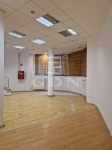 Székesfehérvár Üzlethelyiség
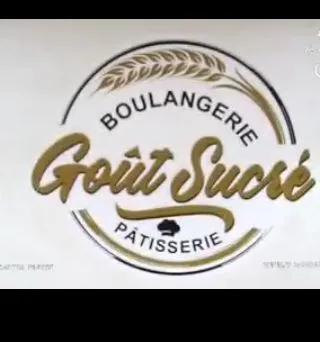 صورة 4 من Boulangerie Pâtisserie Goût Sucré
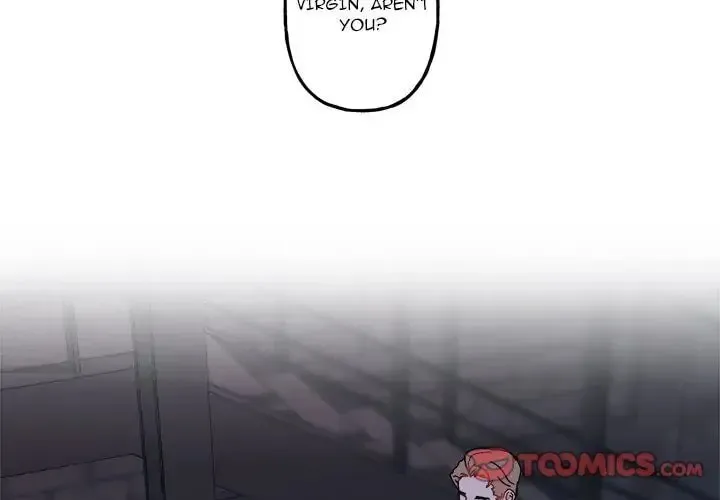 Our Future Chapter 19 page 2 -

════

* Goal of the exercise *
Retype the whole of the data verbatim. Skip every picture.

* Expected answer *
 Székesfehérvár Üzlethelyiség
 صورة 4 من Boulangerie Pâtisserie Goût Sucré
 Our Future Chapter 19 page 2 -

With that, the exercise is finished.